Who said signalling would be limited to just 1 thing at a time?

More like signaling that a specific human wrote it themselves instead of one of their human assistants. The article is mostly about emails from the Epstein files so non-human authorship wasn't really a possibility at the time they were written.

I don't necessarily think it's that... it's just a matter of a rush to respond/send quickly and not take a lot of time. It's pretty easy to either fat-finger when typing on a keyboard, or gesture input on a phone to get the wrong word and you hit send before realizing.

Sometimes I'll notice right after, delete and re-reply (social media) other times I'll just let it be... It's pedantic busy bodies that will single you out for a typo as opposed to discussing the idea at hand.
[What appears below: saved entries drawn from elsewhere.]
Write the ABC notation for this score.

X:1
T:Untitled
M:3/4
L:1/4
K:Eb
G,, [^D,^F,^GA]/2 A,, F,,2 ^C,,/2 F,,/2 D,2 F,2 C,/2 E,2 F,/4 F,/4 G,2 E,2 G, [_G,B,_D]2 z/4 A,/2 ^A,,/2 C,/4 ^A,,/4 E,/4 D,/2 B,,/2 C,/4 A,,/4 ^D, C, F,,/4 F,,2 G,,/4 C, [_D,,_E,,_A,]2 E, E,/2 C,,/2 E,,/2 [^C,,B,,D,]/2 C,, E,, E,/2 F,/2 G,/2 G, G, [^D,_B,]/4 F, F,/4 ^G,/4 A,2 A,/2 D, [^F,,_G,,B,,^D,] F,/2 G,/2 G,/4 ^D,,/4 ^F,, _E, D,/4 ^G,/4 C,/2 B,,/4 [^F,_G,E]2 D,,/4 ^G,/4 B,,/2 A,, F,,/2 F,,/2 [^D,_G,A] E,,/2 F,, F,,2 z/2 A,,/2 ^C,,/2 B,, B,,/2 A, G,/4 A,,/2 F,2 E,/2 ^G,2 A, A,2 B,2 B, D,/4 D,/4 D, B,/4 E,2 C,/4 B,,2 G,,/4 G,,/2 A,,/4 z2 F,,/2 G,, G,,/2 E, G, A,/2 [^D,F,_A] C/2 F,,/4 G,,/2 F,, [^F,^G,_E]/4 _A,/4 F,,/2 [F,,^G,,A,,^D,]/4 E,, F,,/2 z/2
The "enriewu" thing wasn't a misspelling of "en route", it was someone's name who had arrived in Miami with Jean-Luc and Peggy. It's probably a misspelling of Henry pronounced in French.

Henry Wu is the Jurassic Park character who figured out how to produce viable hybrid embryos.

>It simply shows that you don't have to care about your mistakes.

Interesting, is that the equivalent of billionaires wearing sweatpants?


Yes. It is also the equivalent of heads of states calling other persons dumb on camera. The absolute decomposition of respect and decorum.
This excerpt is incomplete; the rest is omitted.